Task objective:
Take the lines below beginning at the line that has "Holley Mid LSA" and stopping after the line that has "Anime Mangaka Black", and print them exactly as they are, with no other lines.

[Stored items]
※ ※ ※

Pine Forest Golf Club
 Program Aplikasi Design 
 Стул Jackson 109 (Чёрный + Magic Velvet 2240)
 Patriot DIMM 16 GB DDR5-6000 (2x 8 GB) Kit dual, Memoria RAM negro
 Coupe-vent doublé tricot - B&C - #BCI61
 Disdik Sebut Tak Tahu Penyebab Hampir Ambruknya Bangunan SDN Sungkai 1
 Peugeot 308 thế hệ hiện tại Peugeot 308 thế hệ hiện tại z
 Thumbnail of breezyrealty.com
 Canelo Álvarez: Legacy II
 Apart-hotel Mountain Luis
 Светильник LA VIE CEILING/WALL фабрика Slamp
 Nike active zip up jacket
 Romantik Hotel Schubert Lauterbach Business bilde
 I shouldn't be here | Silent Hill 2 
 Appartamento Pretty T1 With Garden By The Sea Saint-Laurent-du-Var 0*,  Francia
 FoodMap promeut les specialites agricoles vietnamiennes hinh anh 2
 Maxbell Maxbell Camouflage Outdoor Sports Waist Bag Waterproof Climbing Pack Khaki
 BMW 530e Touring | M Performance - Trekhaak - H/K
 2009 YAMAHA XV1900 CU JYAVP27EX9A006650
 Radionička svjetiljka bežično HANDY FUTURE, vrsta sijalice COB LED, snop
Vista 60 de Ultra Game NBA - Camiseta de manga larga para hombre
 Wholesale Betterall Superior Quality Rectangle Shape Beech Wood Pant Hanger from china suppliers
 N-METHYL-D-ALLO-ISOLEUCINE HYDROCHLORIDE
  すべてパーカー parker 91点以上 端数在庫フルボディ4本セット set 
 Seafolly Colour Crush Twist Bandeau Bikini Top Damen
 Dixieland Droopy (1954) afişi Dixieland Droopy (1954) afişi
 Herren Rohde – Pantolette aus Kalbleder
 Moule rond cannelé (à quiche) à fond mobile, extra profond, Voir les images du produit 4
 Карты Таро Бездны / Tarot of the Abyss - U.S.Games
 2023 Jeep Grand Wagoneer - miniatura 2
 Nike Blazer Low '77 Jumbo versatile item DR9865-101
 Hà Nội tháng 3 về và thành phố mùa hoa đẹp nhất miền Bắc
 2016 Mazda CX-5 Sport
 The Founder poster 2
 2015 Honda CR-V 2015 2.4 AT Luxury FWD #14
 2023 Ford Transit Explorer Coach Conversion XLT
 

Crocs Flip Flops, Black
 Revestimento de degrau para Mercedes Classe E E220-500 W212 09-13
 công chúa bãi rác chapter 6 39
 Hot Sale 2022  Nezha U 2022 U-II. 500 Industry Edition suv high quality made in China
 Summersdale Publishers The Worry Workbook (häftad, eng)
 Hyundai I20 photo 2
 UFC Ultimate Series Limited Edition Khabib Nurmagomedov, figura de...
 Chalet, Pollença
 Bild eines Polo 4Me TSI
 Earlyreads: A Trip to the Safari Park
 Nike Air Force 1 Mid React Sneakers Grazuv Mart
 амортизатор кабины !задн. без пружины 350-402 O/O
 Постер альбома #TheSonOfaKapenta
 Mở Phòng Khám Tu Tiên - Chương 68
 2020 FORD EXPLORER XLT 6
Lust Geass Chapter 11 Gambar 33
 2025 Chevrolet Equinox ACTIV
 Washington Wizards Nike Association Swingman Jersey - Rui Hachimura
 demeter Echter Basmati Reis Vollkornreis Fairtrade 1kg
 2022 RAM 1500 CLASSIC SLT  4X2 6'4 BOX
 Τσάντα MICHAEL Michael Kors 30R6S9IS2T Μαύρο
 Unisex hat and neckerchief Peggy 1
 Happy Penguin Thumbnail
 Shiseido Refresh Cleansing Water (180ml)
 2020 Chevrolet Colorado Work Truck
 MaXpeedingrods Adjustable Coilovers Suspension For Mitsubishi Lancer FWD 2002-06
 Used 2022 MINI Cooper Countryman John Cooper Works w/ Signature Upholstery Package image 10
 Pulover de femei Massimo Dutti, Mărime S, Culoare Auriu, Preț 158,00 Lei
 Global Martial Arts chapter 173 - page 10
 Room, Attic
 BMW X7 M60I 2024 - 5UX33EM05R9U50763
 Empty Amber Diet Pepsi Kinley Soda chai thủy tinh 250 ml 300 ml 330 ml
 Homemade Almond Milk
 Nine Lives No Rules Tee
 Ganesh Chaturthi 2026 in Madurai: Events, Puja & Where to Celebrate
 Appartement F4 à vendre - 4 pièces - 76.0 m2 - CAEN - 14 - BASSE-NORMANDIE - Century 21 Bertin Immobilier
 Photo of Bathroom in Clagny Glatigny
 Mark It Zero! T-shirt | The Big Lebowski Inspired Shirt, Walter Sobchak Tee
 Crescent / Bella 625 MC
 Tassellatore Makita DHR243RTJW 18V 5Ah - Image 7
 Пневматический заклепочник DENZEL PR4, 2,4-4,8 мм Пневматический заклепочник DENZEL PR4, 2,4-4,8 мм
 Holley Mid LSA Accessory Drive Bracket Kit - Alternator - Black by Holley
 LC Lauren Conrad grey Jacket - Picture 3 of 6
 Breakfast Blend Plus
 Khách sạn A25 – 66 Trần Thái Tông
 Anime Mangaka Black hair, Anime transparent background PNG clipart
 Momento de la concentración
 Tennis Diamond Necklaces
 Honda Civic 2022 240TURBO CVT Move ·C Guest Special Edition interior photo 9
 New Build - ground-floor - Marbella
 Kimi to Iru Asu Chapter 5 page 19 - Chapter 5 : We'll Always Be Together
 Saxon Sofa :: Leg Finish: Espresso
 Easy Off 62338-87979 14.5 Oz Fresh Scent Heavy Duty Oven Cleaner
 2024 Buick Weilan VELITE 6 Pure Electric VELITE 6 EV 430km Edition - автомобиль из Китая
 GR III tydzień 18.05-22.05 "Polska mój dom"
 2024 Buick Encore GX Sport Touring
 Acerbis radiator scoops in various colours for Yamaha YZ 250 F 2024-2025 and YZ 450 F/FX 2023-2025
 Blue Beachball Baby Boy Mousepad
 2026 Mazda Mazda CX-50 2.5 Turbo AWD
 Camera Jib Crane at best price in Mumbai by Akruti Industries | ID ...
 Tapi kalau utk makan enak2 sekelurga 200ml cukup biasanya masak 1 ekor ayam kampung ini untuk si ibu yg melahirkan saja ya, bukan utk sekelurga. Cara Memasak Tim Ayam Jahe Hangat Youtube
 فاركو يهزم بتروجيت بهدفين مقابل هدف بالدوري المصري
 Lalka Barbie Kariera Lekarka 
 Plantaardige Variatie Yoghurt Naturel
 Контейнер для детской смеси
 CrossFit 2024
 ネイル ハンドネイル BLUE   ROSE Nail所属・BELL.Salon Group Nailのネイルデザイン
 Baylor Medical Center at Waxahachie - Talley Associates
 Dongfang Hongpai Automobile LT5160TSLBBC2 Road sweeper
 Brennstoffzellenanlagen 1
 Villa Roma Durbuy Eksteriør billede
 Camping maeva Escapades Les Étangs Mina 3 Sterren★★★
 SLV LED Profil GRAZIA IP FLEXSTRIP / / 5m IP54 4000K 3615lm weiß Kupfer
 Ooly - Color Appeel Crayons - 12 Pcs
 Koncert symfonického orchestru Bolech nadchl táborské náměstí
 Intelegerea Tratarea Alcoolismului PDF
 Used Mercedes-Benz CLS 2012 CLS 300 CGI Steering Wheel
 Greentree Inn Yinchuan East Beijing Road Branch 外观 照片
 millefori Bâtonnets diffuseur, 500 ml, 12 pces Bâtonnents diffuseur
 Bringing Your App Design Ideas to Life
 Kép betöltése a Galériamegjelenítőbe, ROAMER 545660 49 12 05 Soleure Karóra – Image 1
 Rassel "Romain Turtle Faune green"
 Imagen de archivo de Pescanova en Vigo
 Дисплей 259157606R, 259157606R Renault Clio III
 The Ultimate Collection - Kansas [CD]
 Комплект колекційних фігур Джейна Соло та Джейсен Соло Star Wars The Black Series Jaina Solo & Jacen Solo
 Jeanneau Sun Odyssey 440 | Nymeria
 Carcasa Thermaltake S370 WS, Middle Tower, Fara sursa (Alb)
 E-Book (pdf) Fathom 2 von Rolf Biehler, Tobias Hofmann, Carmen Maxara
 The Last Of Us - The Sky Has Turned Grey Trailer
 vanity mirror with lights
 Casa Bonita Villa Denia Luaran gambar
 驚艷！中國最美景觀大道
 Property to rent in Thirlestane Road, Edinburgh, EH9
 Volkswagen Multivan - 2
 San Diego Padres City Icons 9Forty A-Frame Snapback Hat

※ ※ ※

Problem solution:
 Holley Mid LSA Accessory Drive Bracket Kit - Alternator - Black by Holley
 LC Lauren Conrad grey Jacket - Picture 3 of 6
 Breakfast Blend Plus
 Khách sạn A25 – 66 Trần Thái Tông
 Anime Mangaka Black hair, Anime transparent background PNG clipart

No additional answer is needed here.